If the recount is conducted in more than one county, a judge of the circuit court for Anne Arundel County shall determine and set the bond. See, Elec. Law § 12-105.
General Guidelines for Conducting a Recount
- Recounts are conducted in accordance with Title 12, Subtitle 1 of the Election Law Article of the Annotated Code of Maryland, Title 33, Subtitle 12 of the Code of Maryland Regulations (COMAR), and State Board instructions in an orderly manner to ensure an accurate recount.
- The petitioner or court selects the recount option to verify the vote count.
- The local board of elections is responsible for conducting the recount. Elec. Law § 12-106. Counsel to the local board of elections must be present during the recount. SBE monitors and supports the work of a local board conducting a recount.
- The decision of the local board to accept or reject any ballot or ballot image may not ordinarily be reexamined. In extraordinary cases, a ballot or ballot image initially allowed by the local board may later be disallowed by the local board because of a disqualifying defect that was not discovered until the recount.
- The recount is scheduled according to COMAR 33.12.02.09, or pursuant to any court order.
- Notice of the recount is given in accordance with COMAR 33.12.02.03.
- The public may be present while the recount is conducted. Candidates, their representatives, observers, and the press, however, are not permitted to speak or otherwise communicate or to interfere with the work of the Recount Teams. Any questions regarding the recount shall be directed solely to the Election Director. COMAR 33.12.03.03C.
- An observer wishing to challenge an action taken during the recount may ask the election director to stop the tally temporarily so that the observer may voice his or her challenge. COMAR 33.12.07.03. Additional information about challenges is provided below.
- Whenever the room where the recount is being conducted is “unoccupied,” the room must be locked (meal breaks, overnight, etc.).
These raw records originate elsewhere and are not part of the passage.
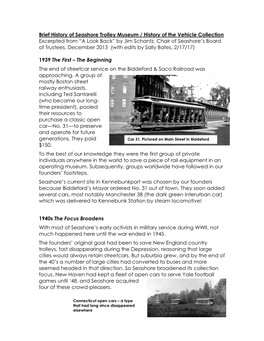 History of Seashore Trolley Museum / History of the Vehicle Collection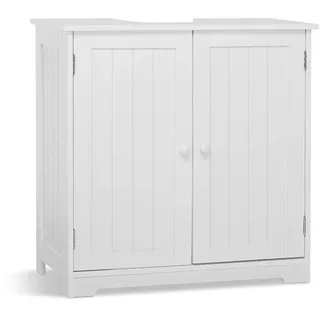 Mondeer Waschbecken-Unterschrank, 2 Türen, 2 Böden, Weiß, 60x30x60 cm | Handtücher & Pflegeprodukte. Oben für Waschbecken geeignet. Ideal fürs Bad.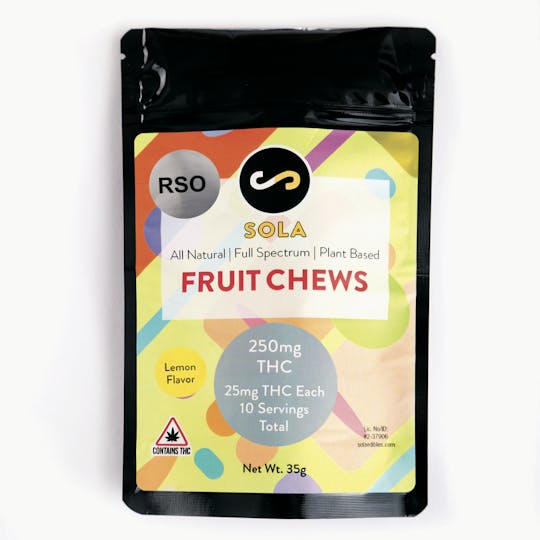 Sola Edibles - 250mg RSO Fruit Chews - Lemon Flavor - 1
COMAR 33.12.03.04.
- Parties to the recount should be kept informed of the results of the recount while it is in progress. COMAR 33.12.03.05. The petitioner may request, at any time, that the recount be stopped. The petitioner will only be responsible for the actual costs incurred for the portion of the recount conducted.
As previously reported on Conduit Street, SBE last month unanimously to authorize the Baltimore City Board of Elections to designate two additional in-person voting locations for the June 2 presidential primary election. The action came a day after Maryland’s legislative leaders sent a letter to SBE requesting additional ballot drop boxes and in-person voting locations due to delays in getting mail-in ballots to voters, particularly in Baltimore City.
Due to health concerns surrounding the COVID-19 pandemic, Governor Larry Hogan in April approved a plan to conduct Maryland’s presidential primary election primarily via mail-in ballots, with limited locations to submit completed ballots at designated drop-off locations or to vote in-person on election day.